Yogyakarta, Rakyat45.com – Dalam acara Bimbingan Teknis Pengelolaan Destinasi Wisata yang diselenggarakan di Daerah Istimewa Yogyakarta, diselenggarakan di Pendopo Desa Wisata Kalakijo, Jl. Pajangan Desa Kalakijo RT 02, Guwosari, Pajangan, Bantul, Selasa, 12/08/2025
Sekretaris Umum DPD PUTRI DIY, Agus Budi Rachmanto, menyampaikan pemikiran mendalam tentang pentingnya transformasi dan adaptasi dalam pengelolaan bisnis pariwisata saat ini.”
Dalam paparannya, Agus menjelaskan bahwa dunia pariwisata kini memasuki fase baru yang disebut Transformative Tourism and System.
Menurutnya, sejak tahun 2000 hingga 2020, telah terjadi pergeseran paradigma besar-besaran yang disebut sebagai transisi dari Zero Point 3 menuju Zero Point 5, yang menandai perubahan mendasar dalam cara berpikir dan bertindak dalam dunia bisnis, khususnya pariwisata.
Tahun 2000 kita berada di Zero Point 3, lalu 2010 masuk ke Zero Point 4, dan sekarang di tahun 2020-an kita sudah berada di Zero Point 5. Perubahan ini bukan sekadar teknologi, tetapi cara pandang dan kesadaran kita dalam menjalankan bisnis,” jelas Agus.
Dari Kompetisi ke Kolaborasi
Salah satu pergeseran besar yang ditekankan Agus adalah berubahnya pola bisnis dari kompetisi menjadi kolaborasi.
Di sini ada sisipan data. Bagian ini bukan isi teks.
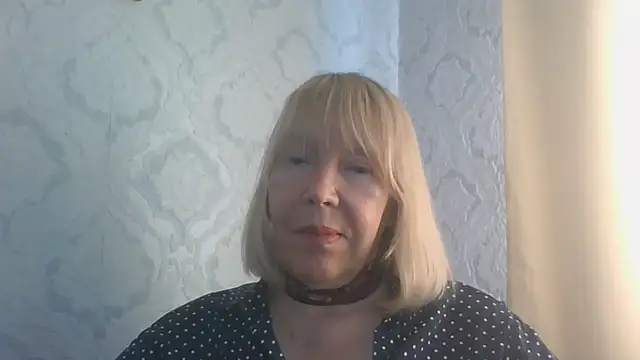 OlgaShine's Live XXX Chat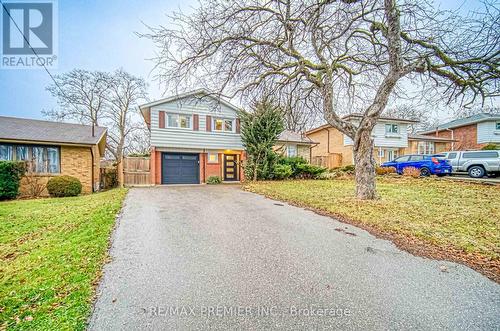 18 Lantana Court, Toronto, ON - Outdoor With Facade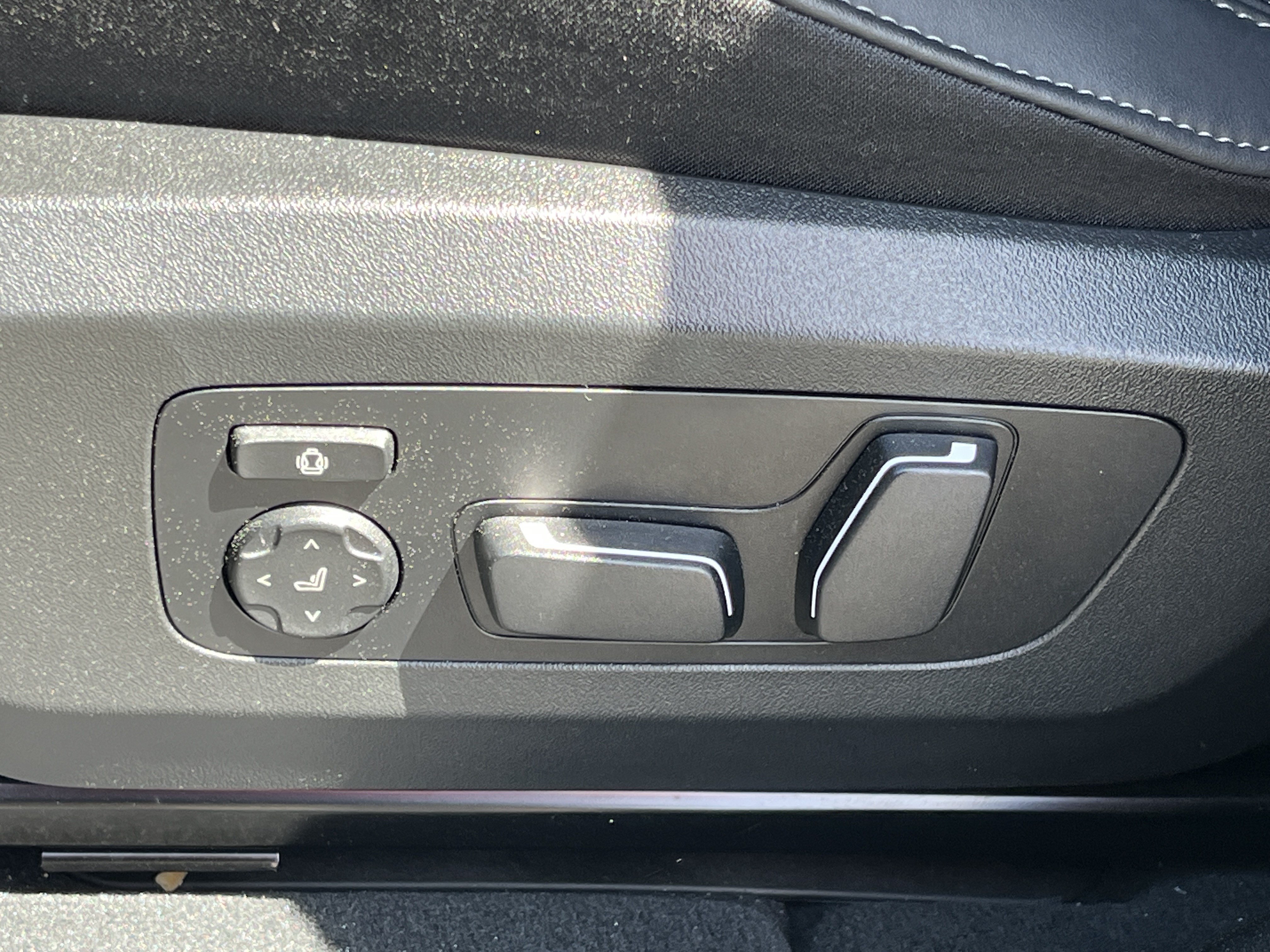 Certified 2025 BMW X3 xDrive30i AWD/4WD image 17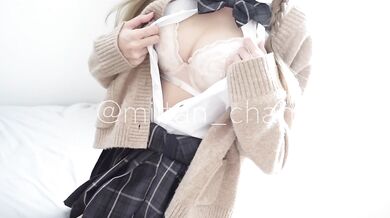 《お゛っ…ｲｸｲｸイグぅ..》初めての”中出し”で連続イキが止まらない144cmの金髪ロリ巨乳ちゃん！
Jika dahulu kesuksesan bisnis ditentukan oleh siapa yang paling unggul, saat ini yang menjadi kunci adalah siapa yang paling mampu berjejaring, berkolaborasi, dan membangun relasi yang kuat.
Dulu kita bersaing, sekarang kita harus bersinergi. Era keterhubungan ini menuntut kita untuk membuka diri, berintegrasi, dan bekerja bersama,” tegasnya.
Contoh paling nyata dari transformasi ini adalah munculnya bisnis-bisnis berbasis platform seperti Gojek dan Traveloka. Mereka tidak memiliki aset fisik seperti pabrik atau hotel, namun mampu menguasai pasar melalui kekuatan jaringan, teknologi, dan nilai tambah yang mereka tawarkan.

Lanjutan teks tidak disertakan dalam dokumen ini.